The boy and his father, the main characters of the story, are heading from Appalachia to the East Coast. They are just trying to survive in a post-nuclear apocalypse, but their survival is given a larger import because of their deceny in a fallen world. They are “carrying the fire.” What the fire is is not explicit, however it is surely the same fire Prometheus bestowed upon human kind in ancient times, and also the fire that ultimately burned all of humanity and scorched the land. McCarthy doesn’t need to tell us this, nor does he need to explain whether it’s better for the fire to always burn, or to die out. It’s ours to decide, or maybe, it’s beyond deciding.

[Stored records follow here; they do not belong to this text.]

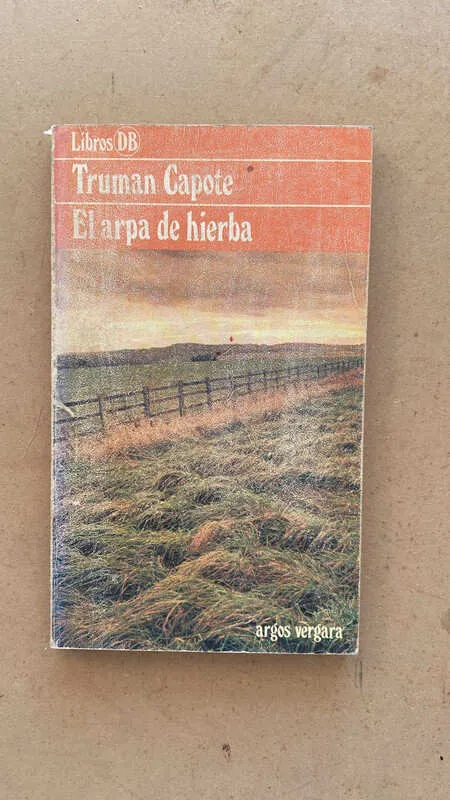 El Arpa De Hierba - Capote, Truman (dd2)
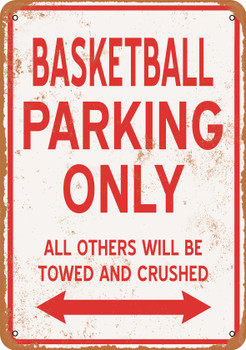 BASKETBALL Parking Only - Metal Sign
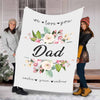 "We Love You Dad"- Personalized Blanket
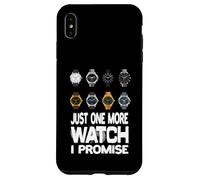 Just One More Watch I Promise Watch Arman Watch Wear Coque pour iPhone XS Max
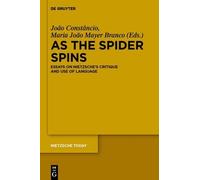 João Constâncio As the Spider Spins (Copertina rigida) Nietzsche Today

Still, I wept uncontrollably re-reading the ending this morning. I was seeking an example of the language but didn’t get past where I had stopped reading when I finished it, a year after my son was born. Now that my son is old enough to talk and walk, the situation in The Road is even more heart-rending to me. This is not even to delve to deeply into the significance added by the current nuclear taunts being exchanged  by the President and the leader of North Korea.

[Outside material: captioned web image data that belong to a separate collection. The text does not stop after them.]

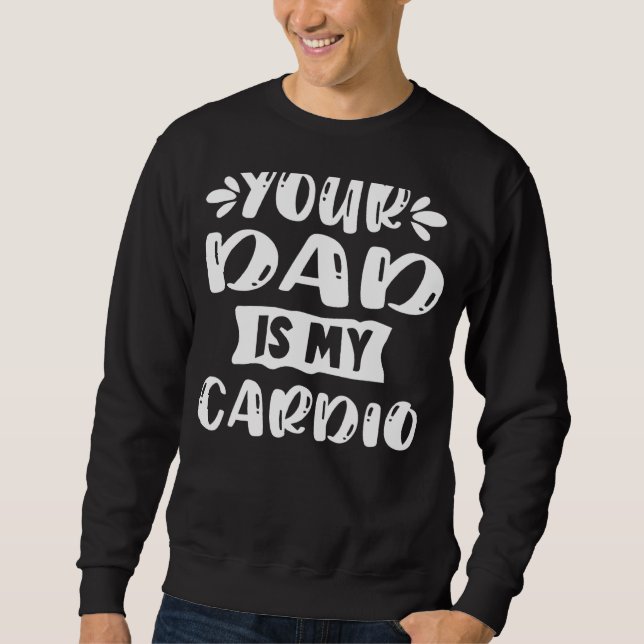 Ihr Vater ist mein Trainingsmotto für Cardio Sweatshirt (Vorderseite)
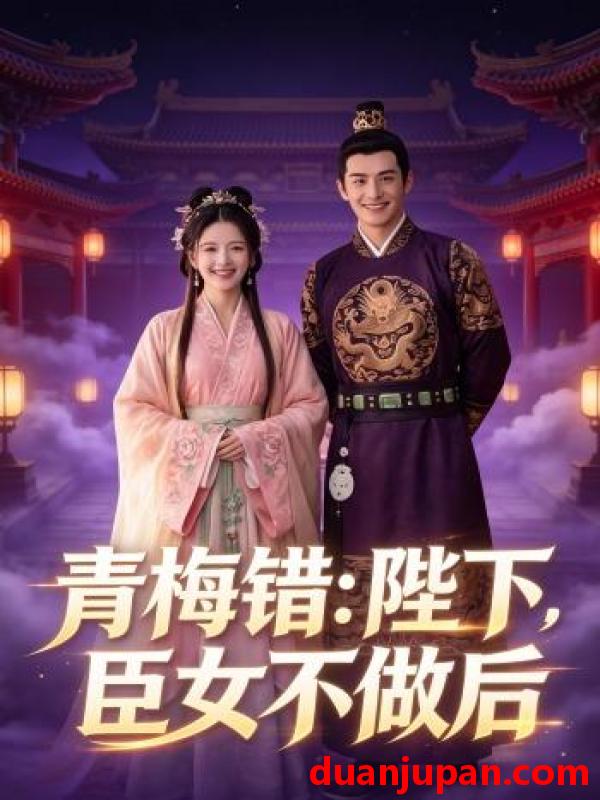 短剧 短剧《 青梅错：陛下，臣女不做后&青梅错陛下臣女不做后（42集）Ai短剧 》免费观看
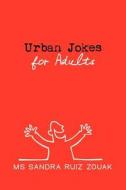 Urban Jokes for Adults di Sandra Zouak edito da Createspace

Re-reading the end, I am unbearably saddened for the boy who must carry on without his father, as I will one day have to do the same, and I hate myself for knowing I will one day have to leave my boy. We all leave them, eventually – we have to. It’s better than the alternative. Hopefully, I will not have to leave him before he’s grown, but carrying the fire, I have the darkness inside me too – and the darkness manifests in so many ways.

If McCarthy’s eminence as an author suffers from any contention among the reading public, it is probably because of his lack of strong female characters. He is typically regarded as a male writer for manly men. He’s not quite as bad as Hemingway, but his worlds are similar in their celebration of nihilism and masculinity. However I could argue that the obvious lack of virtue in McCarthy’s landscapes is in turn a celebration of virtue. The real world is so various that to describe a world so lacking in any feature is almost to set that thing aside and hold it as the necessary example. Perhaps the same could be said for feminity in McCarthy’s novels. I don’t know – I could be overreaching.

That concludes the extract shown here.